▶ _DIRECTIONS FOR THIS TASK_
The required answer is the run of lines from the one holding "People of the Wind - Movie Poster" to the end of the data below, copied exactly and free of pictures.

▶ _DATA RECORDS_
*** Block opens ***

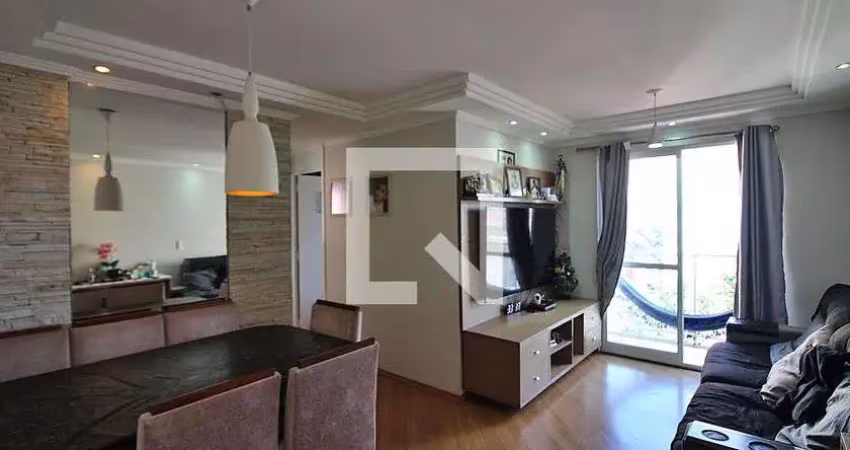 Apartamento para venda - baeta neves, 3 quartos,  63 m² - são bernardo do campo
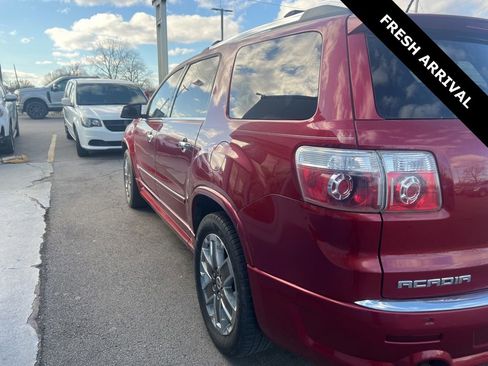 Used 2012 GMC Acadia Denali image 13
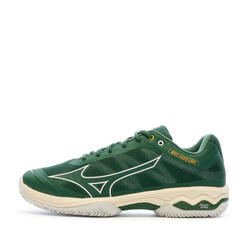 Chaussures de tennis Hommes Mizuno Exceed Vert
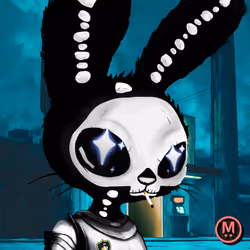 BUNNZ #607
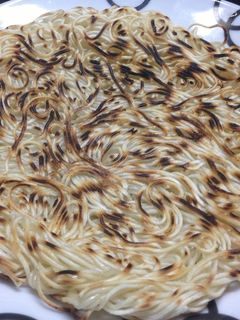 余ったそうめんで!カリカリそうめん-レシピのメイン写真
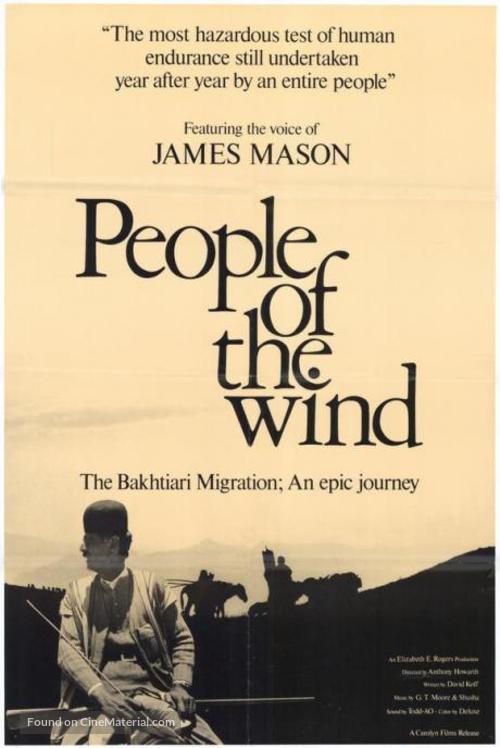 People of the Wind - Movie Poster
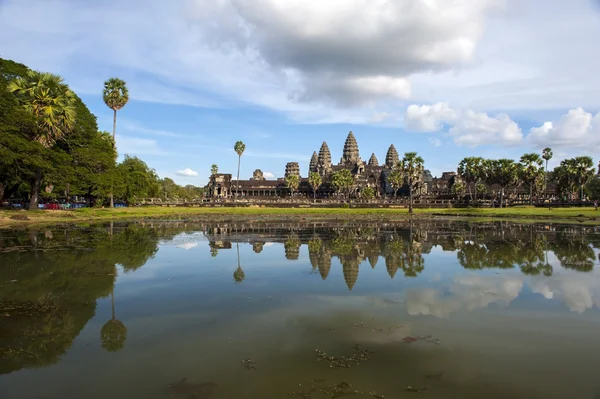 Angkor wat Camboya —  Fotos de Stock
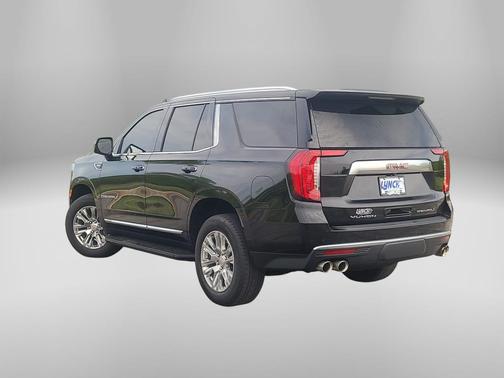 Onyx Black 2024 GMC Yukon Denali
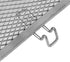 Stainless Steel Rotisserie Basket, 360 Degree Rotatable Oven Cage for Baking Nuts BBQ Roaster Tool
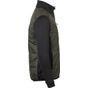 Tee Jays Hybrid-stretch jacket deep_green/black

*** Block closes ***

▶ _YOUR RESPONSE_
 People of the Wind - Movie Poster
 Angkor wat Camboya —  Fotos de Stock
 Onyx Black 2024 GMC Yukon Denali
 Stainless Steel Rotisserie Basket, 360 Degree Rotatable Oven Cage for Baking Nuts BBQ Roaster Tool
 Tee Jays Hybrid-stretch jacket deep_green/black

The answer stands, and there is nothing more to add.